• EXERCISE INSTRUCTIONS:
Exact reproduction of the data is required, with images excluded.

Start of INFORMATION SHOWN

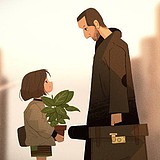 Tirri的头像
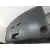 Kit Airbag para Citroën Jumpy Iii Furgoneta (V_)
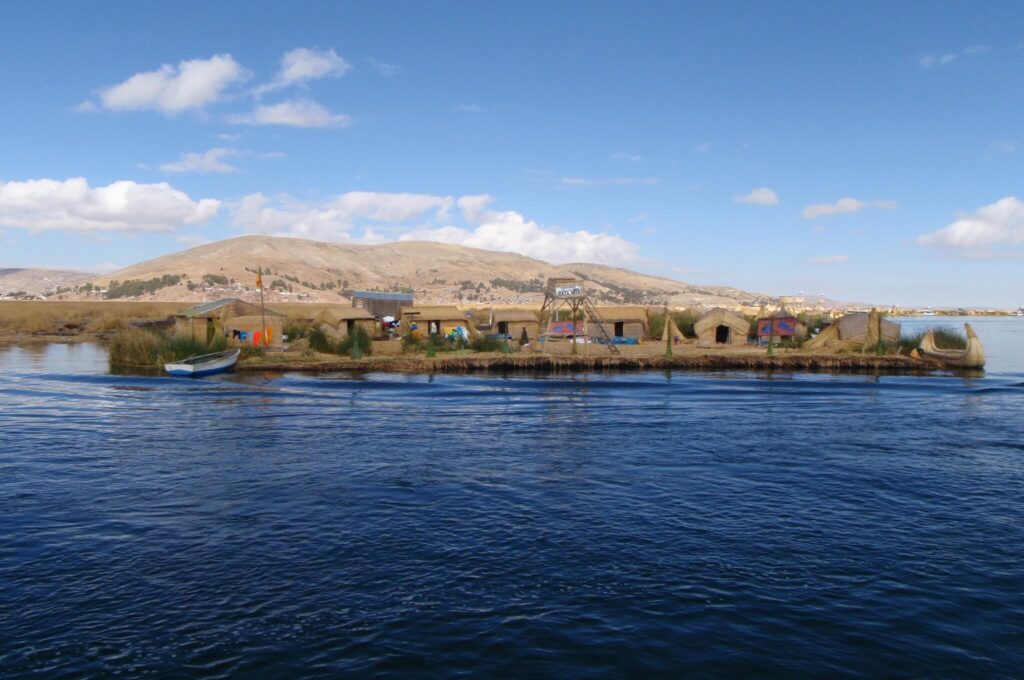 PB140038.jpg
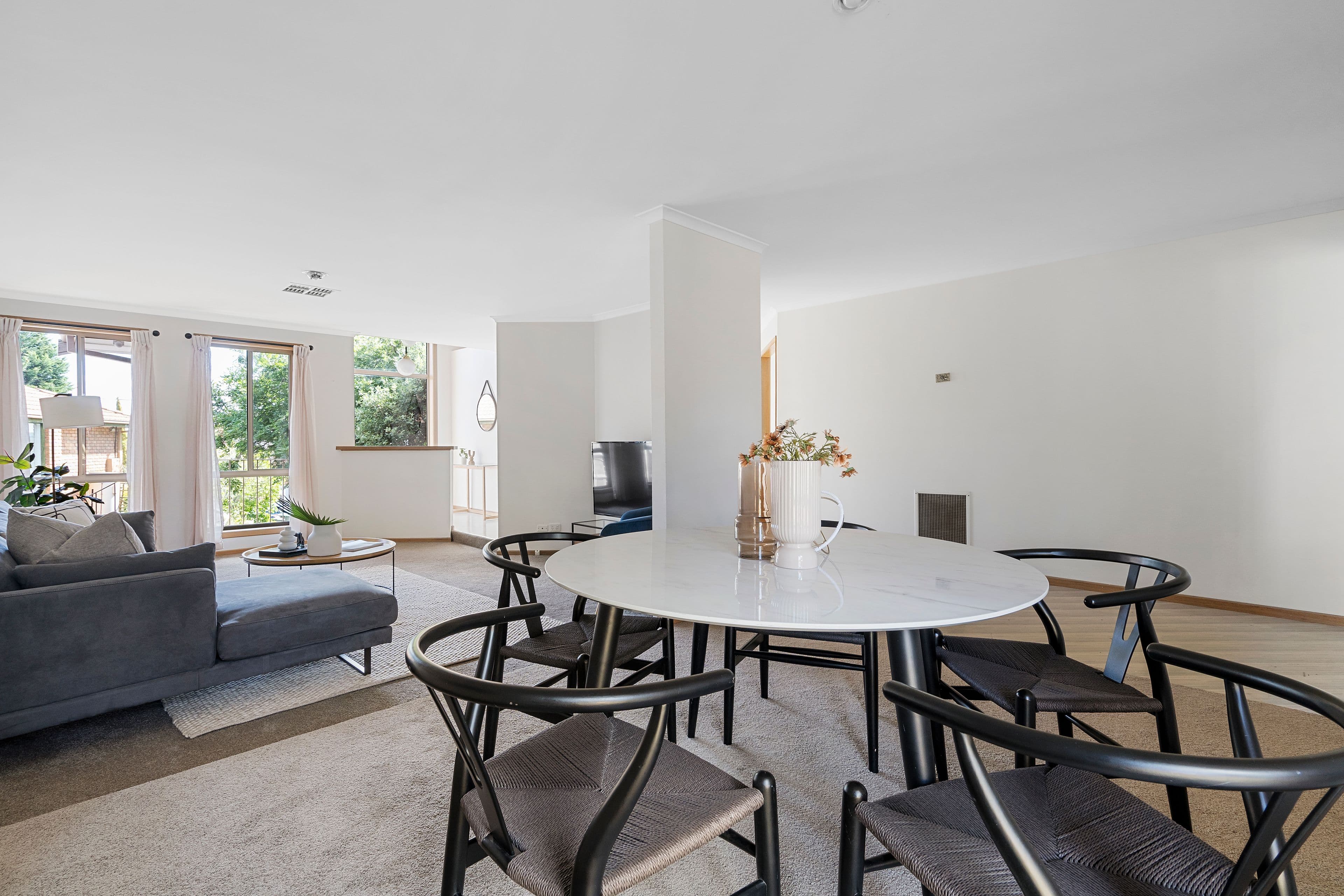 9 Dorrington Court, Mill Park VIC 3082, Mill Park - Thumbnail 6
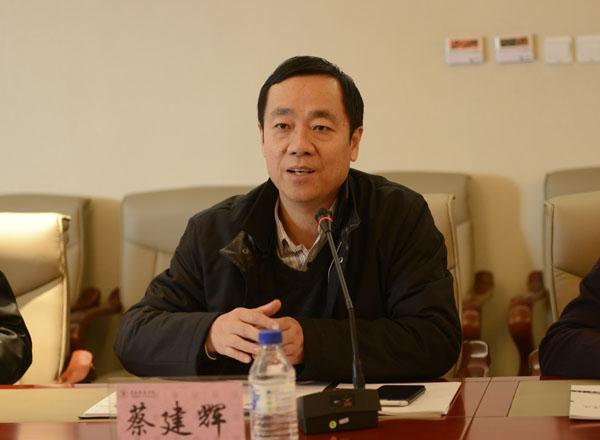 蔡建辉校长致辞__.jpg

End of INFORMATION SHOWN

• RESPONSE AREA:
 Tirri的头像
 Kit Airbag para Citroën Jumpy Iii Furgoneta (V_)
 PB140038.jpg
 9 Dorrington Court, Mill Park VIC 3082, Mill Park - Thumbnail 6
 蔡建辉校长致辞__.jpg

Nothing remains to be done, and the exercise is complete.